Guided Meditation: 50/50 Awareness

Hello everyone, and welcome.

Sometimes I think of mindfulness practice as having adventures with awareness. Life is very different when we're aware—so much so that sometimes I think we have many bodies: the body we have when we're not aware, and the bodies we have when we are aware. There are all these different ways of experiencing the body. The mind when we're not aware and the mind that is aware is so fascinating. The emotions and what we're aware of when we're not aware, our social life when we're aware and when we're not mindful—it's so varied. It becomes so rich when mindfulness is there, when awareness is there. It becomes almost three-dimensional or four-dimensional when there's a clear sense of mindfulness. Without clear, intentional mindfulness or awareness, life can start becoming two-dimensional or one-dimensional.

One of the great skills that I've found very useful for myself is being able to sometimes almost simultaneously be aware of others and myself if I'm in conversation with people. I like to have this general idea that 50% of my attention is with the others and 50% of my attention is here with this person, with myself. That creates a wonderful balance, a check-and-balance system. This ability to shift where we bring our attention to get a richer experience of what's actually happening here can be involved in any given moment of mindfulness. We can be aware of an object of attention, and we can be aware of what it's like to be aware of that object of attention. I can be aware of my breathing, and I can be aware of how I am being aware of the breathing: am I straining, pushing, lackadaisical, lazy, or resistant? I can be aware of an emotion, and I can be aware of where I'm aware of it from. Am I aware of it in my head or with my body? Which of these two is a useful way of taking in and registering the emotion? So sometimes I'm with the emotion, and sometimes I'm with how I am taking it in: "Oh, it's in that place in my body. My body feels this way, and this is my reaction to it, my response to it."

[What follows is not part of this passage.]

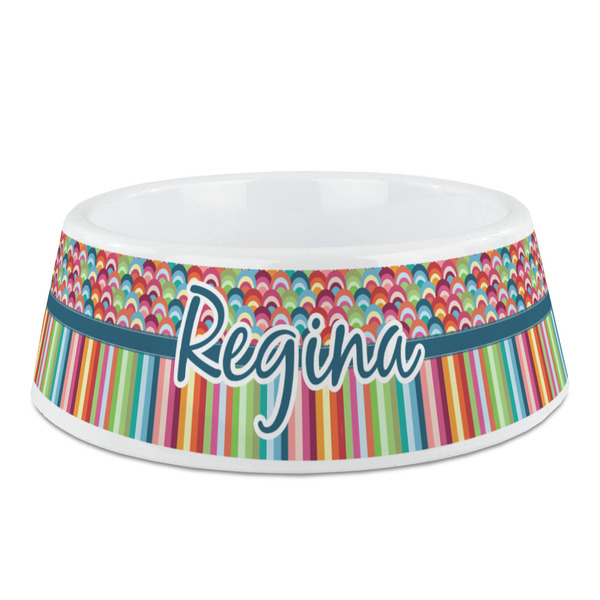 Custom Retro Scales & Stripes Plastic Dog Bowl - Medium (Personalized)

For this meditation, I'd like to suggest that there be a very simple alternation for you—maybe almost with the alternation of breathing—between being aware of something and then being aware of how it is for you to be aware of it. What is the subjective experience like for you to be engaged in the mindfulness of something? To clearly see something in its own right, and then what is it like to be aware of it? Have this adventure of going back and forth, not just one or the other. If it's only how you feel about it, the subjective experience—which is one extreme that some people take—then it's all living inside of this labyrinth of self, me, the impact, what I should do, and judgments about it. But if it's all about the object, then there can be a losing touch with oneself. There can be a strain; there can be attitudes about the object that go unseen. To go back and forth to see both—sometimes seemingly simultaneously, sometimes going back and forth.

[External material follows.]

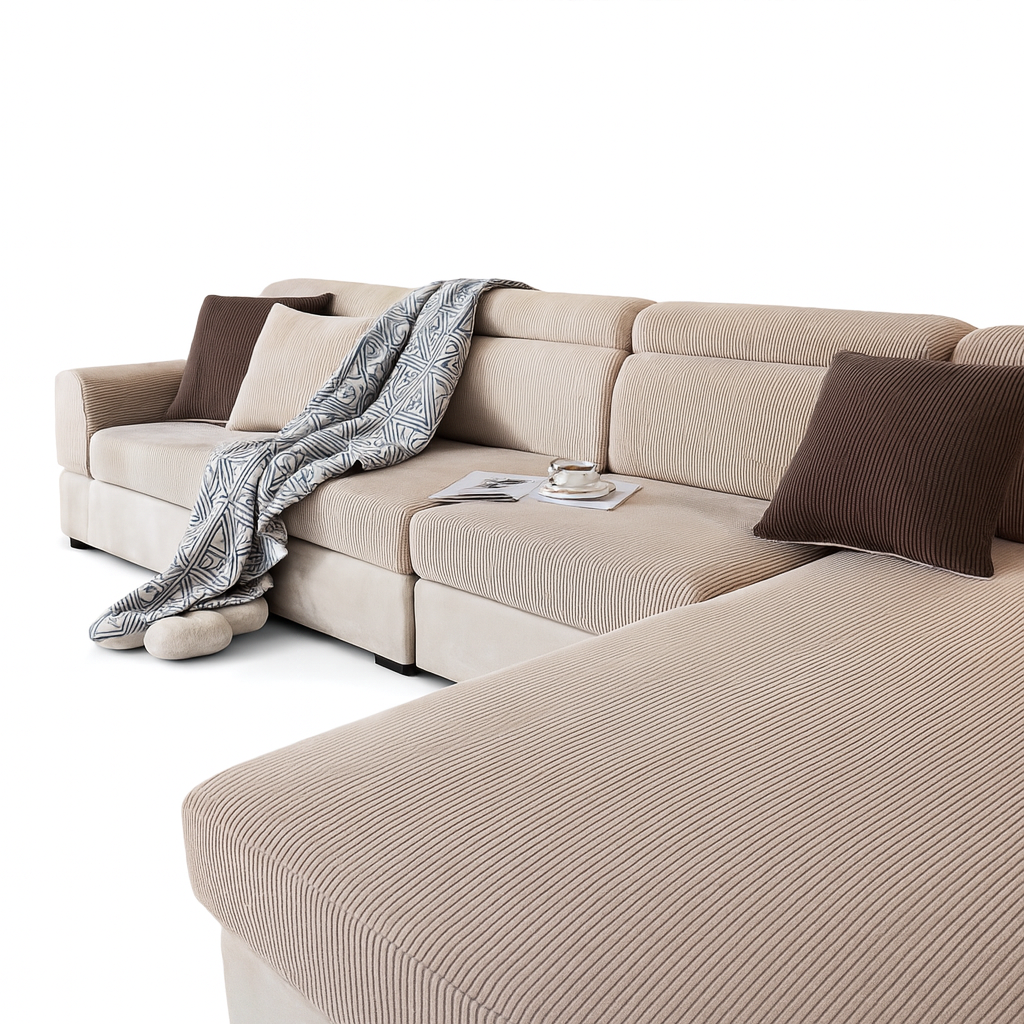 Czarny Sztruksowy Narzuta na Sofę – Rozciągliwy Materiał, Stylowy Design i Ochrona przed Zarysowaniami [narzuta na sofę]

To begin with the meditation posture, gently close the eyes. Mindfulness awareness practice begins with doing so intentionally, knowingly, consciously. Choosing to be aware, and to begin by choosing to be aware of your body. Take some time to feel your body, to familiarize yourself with your body.

And then, how are you being aware of your body? Are there judgments, fears, resistance, or ideas? Might it be possible to simplify how you are being aware? Just be aware of the body.

Then to become aware of your body breathing. Familiarize yourself with how breathing is at this time.

And then how are you in being aware of breathing? Do you have judgments or ideas of what should be and shouldn't be? Do you have expectations and things you're trying to do with your breathing? Is there fear? Are there concerns about breathing? Is there enthusiasm? How are you about your breathing? And can you simplify how you are with mindfulness of breathing, so it's simply being aware of the body breathing?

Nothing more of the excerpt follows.